## TASK
Only the lines below from the one with "Butternut Squash Curry" through the one with "Dzieci kolorują rysunek." are to be written out, exactly and without any images.

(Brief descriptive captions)
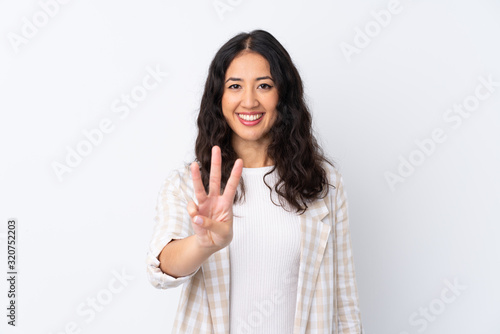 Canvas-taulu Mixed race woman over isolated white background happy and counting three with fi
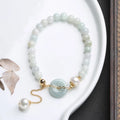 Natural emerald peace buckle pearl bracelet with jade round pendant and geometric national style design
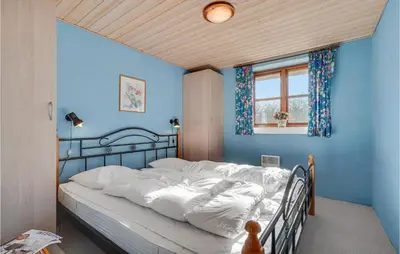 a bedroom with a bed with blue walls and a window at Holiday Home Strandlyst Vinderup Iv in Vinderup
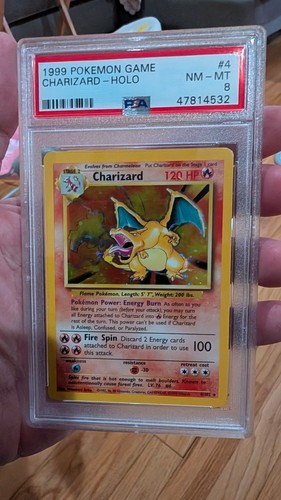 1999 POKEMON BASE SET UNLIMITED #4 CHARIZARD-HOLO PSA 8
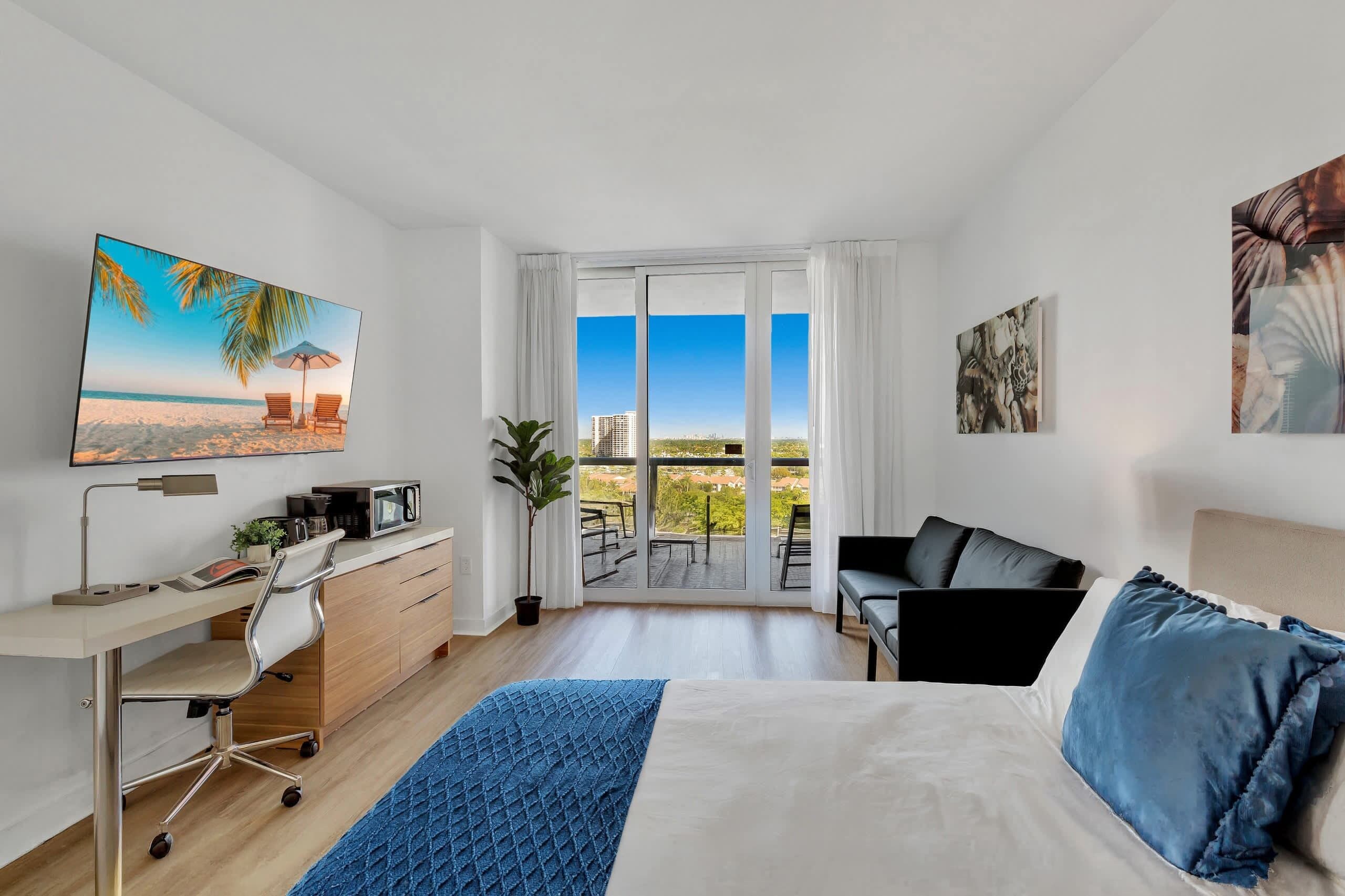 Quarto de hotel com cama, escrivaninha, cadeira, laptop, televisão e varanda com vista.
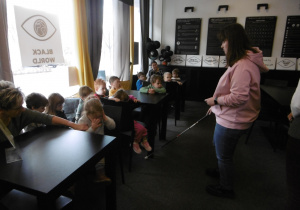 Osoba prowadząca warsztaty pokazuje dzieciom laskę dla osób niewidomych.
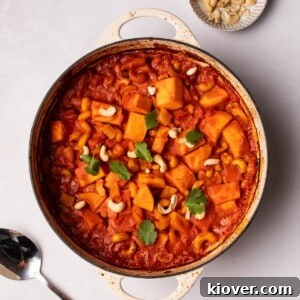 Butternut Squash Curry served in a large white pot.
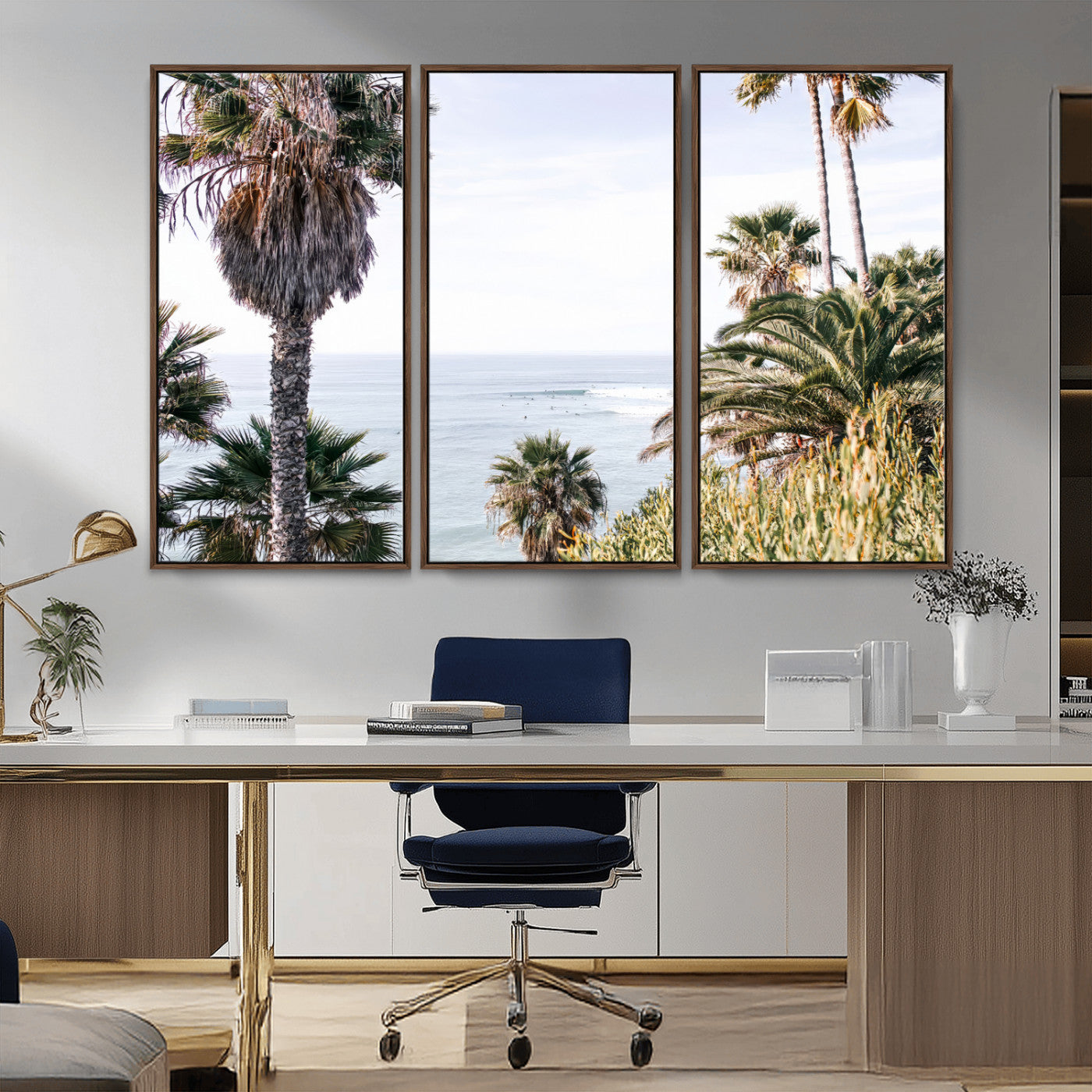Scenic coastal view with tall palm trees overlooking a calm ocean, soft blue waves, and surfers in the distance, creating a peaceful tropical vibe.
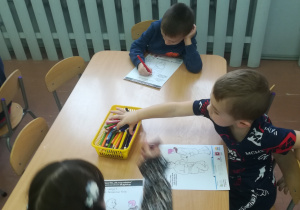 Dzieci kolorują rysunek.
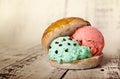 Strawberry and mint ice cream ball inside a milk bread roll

## SOLVED EXERCISE
 Butternut Squash Curry served in a large white pot.
Scenic coastal view with tall palm trees overlooking a calm ocean, soft blue waves, and surfers in the distance, creating a peaceful tropical vibe.
 Dzieci kolorują rysunek.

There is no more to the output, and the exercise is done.